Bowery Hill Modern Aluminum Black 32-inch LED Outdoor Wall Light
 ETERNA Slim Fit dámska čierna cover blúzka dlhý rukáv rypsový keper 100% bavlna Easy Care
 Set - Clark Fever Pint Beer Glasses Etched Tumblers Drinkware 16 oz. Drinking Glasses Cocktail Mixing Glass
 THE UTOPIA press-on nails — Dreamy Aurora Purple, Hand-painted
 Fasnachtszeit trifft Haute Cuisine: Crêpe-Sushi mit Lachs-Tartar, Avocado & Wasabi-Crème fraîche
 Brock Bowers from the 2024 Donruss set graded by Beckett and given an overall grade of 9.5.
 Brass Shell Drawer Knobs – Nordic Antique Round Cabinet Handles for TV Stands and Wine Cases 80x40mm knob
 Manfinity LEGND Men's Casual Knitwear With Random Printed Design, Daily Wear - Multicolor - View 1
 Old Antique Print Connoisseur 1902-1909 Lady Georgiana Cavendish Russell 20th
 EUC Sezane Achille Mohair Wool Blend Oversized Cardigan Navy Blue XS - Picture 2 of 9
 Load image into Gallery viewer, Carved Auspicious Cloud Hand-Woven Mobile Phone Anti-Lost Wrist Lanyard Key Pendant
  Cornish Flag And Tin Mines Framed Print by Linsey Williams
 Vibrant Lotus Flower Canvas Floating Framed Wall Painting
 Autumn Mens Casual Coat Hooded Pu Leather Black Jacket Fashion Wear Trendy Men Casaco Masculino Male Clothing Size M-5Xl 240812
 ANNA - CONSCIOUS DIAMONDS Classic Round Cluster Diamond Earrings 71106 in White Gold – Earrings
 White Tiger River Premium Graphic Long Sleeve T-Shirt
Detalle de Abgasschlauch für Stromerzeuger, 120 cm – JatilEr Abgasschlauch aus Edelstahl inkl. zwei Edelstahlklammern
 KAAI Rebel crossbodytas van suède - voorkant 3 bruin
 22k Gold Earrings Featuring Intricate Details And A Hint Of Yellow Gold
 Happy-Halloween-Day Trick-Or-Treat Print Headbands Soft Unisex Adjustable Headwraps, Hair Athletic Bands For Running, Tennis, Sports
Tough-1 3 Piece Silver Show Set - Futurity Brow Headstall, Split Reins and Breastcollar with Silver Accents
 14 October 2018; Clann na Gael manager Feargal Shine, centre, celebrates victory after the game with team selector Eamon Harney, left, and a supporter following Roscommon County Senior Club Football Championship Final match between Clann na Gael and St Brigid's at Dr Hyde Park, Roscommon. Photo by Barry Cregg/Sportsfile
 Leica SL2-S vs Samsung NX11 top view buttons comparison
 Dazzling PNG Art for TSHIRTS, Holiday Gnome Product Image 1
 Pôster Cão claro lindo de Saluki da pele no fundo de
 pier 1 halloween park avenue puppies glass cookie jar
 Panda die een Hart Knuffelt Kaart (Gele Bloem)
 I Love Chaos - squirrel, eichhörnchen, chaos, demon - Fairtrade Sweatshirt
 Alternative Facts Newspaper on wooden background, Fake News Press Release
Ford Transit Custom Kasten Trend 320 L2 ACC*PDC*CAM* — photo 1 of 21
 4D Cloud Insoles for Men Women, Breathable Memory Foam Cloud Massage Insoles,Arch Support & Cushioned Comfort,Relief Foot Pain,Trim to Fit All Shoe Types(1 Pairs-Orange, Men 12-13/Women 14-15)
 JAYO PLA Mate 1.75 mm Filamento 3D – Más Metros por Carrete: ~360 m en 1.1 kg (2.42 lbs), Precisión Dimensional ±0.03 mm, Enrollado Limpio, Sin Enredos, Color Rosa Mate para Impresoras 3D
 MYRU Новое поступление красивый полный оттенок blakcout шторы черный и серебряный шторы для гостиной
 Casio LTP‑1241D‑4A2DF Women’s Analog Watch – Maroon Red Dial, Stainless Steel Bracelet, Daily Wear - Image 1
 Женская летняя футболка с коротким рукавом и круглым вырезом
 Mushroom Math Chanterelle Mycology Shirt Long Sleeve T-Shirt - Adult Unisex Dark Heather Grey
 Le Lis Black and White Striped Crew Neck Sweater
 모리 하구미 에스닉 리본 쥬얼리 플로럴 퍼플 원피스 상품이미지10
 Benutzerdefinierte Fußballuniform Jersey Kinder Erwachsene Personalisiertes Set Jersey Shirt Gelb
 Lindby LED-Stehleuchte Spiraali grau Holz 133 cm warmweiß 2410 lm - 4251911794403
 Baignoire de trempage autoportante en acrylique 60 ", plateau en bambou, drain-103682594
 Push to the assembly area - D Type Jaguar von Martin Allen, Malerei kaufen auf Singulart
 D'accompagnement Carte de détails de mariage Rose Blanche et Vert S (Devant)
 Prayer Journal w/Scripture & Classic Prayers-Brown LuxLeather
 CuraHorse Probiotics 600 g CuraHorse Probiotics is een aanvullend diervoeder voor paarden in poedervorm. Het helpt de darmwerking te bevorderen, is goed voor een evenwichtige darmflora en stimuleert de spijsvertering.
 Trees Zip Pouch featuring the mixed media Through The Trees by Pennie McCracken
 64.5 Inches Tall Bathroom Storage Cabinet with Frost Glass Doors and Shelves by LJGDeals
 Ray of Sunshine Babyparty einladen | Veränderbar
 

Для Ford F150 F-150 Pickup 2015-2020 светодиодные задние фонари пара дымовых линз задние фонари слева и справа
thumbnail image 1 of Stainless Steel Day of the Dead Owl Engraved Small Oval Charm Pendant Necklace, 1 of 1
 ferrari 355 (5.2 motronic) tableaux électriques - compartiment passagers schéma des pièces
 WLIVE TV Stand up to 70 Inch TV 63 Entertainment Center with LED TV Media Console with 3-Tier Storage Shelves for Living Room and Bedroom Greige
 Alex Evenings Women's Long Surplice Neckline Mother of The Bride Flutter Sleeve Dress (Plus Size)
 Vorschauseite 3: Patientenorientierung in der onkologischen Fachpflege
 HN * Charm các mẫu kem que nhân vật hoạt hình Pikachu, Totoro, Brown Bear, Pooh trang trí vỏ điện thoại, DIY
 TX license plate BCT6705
_ _ _ _ _
### Activity
Copy back the listing above exactly, but only from the line with "Trees Zip Pouch" through the line with "Ray of Sunshine", both ends included.

### Exercise answer
 Trees Zip Pouch featuring the mixed media Through The Trees by Pennie McCracken
 64.5 Inches Tall Bathroom Storage Cabinet with Frost Glass Doors and Shelves by LJGDeals
 Ray of Sunshine Babyparty einladen | Veränderbar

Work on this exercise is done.